John Jacobs was the Sokolniki exhibition’s press officer, and went on to a long and distinguished career as a U.S. Information Agency official. He wrote commentaries for VOA, served as editor of the Russian language magazine “America Illustrated,” directed USIA’s entire exhibit service. We are delighted that he has agreed to join us at our July 23 conference, at age 91. The remarks below were adapted from an email account he provided us earlier this month.
“...As press officer of the show, I was intimately involved in [the Kitchen] debate, and I have some recollections of my own. I have read what Khrushchev and Nixon had to say about it. I know, like the blind men perceiving the elephant, we all saw it differently.

Khrushchev was fascinated by the exhibition and the American technology it showed. If memory serves, he came five times. These visits provided by far the best - and sometimes the only - publicity payback for the exhibitors’ investments. They kept calling me from the states to get him to their booths. The Detroit auto companies were really tough, rude and demanding.

We would usually have but short notice of Khrushchev’s intended arrival. I would run up to the director’s office with my list of publicity-starved exhibitors and work out with him where the Premier should be taken. (My wife Katia, who speaks Russian like a native, ran the Westinghouse exhibit in the model apartment. “Khrushchev is coming in half an hour. Bake some cookies!”)

The night before Nixon toured the show with Khrushchev, the Ampex man, who had a little booth adjacent to the RCA color TV exhibit, pleaded “The RCA guys always get him. We’re a little company. I’m getting no publicity.” I said: “Be ready. We’ll get him to your exhibit.”

And that’s how, just fifty years ago, Nikita Khrushchev found himself in front of the new and then spectacular Ampex video camera seeing how it made instant movies. When it was aimed at him, he dropped his genial guest demeanor and began his “We will bury you” tirade which you can easily see now on the Internet. I was struggling to keep the reporters in order when I suddenly understood what was happening. I turned to Max Frankel, later executive editor of The New York Times, and whispered “My god, this is history!” He said, “You’re goddam right it’s history.”

Khrushchev was a shrewd man. He knew that cameras take pictures and pictures, particularly television pictures, get around. He knew that dominating the American vice president and boasting that Soviet communism would bury American capitalism in one shot would play well with Russian TV viewers. He was very aggressive. (Years later to my great surprise, Nixon told a small group of the show’s alumni I was in , “Khrushchev was the smartest of the world leaders I dealt with.” He really said that!)

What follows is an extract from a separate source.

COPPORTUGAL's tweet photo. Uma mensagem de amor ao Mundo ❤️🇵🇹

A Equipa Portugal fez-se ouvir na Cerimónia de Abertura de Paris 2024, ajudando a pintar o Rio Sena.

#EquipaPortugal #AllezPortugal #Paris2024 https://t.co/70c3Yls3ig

From the little Ampex studio Khrushchev and the thundering herd of reporters and officials went to the actual kitchen in the model house. As they entered, Khrushchev pointed at an appliance “What is that?” “It’s a dishwasher.” “Oh yes. We have those.” The debate continued and became in reporters’ notes “the Kitchen Debate.”

On the general subject of public diplomacy, that night, Nixon told our little group of about six that what we were doing wouldn't change world events: national policies and actions are what change world events. But he said, very earnestly and emphatically, what you are doing is extremely important to our country. For that moment I liked him."

Tuesday, July 14, 2009

Sarah Carey -- "The Exhibit Was Just a Vehicle..."

Sarah Carey flunked her Russian language test when she applied to be an exhibit guide in 1959, but still went to Sokolniki on behalf of Pepsi that summer, working in the American Home exposition. The experience, as she related in this recent State Department interview, led her to a lifelong connection with Russia, as an international attorney and most recently as the Board Chair of the Eurasia Foundation. She observes: "The exhibit was just a vehicle. I mean, the exhibit was a platform and you’ve got these bright young kids who had broad liberal arts educations who were allowed to talk freely, and the questions ranged from atheism to space to material wealth..."


Right on Time -- Nixon's Sokolniki Cover


Another contemporary account of the Kitchen Debate worth revisiting is the Time magazine cover story of August 3, 1959. Nixon had appeared on Time's cover previously -- and was to reappear there many times thereafter in the sixties and seventies -- his final appearance did not come until 1994. Except on the occasion of his presidential electoral victories in 1968 and 1972, the hard-charging Vice President was probably never treated better by the Time editors as in this paean to his foreign policy savvy and debating prowess. This type of publicity could not have been better timed for a presidential contender in the year preceding a national election. By September, Nixon had surged into the lead in the presidential polls over his Democratic rivals, including John F. Kennedy.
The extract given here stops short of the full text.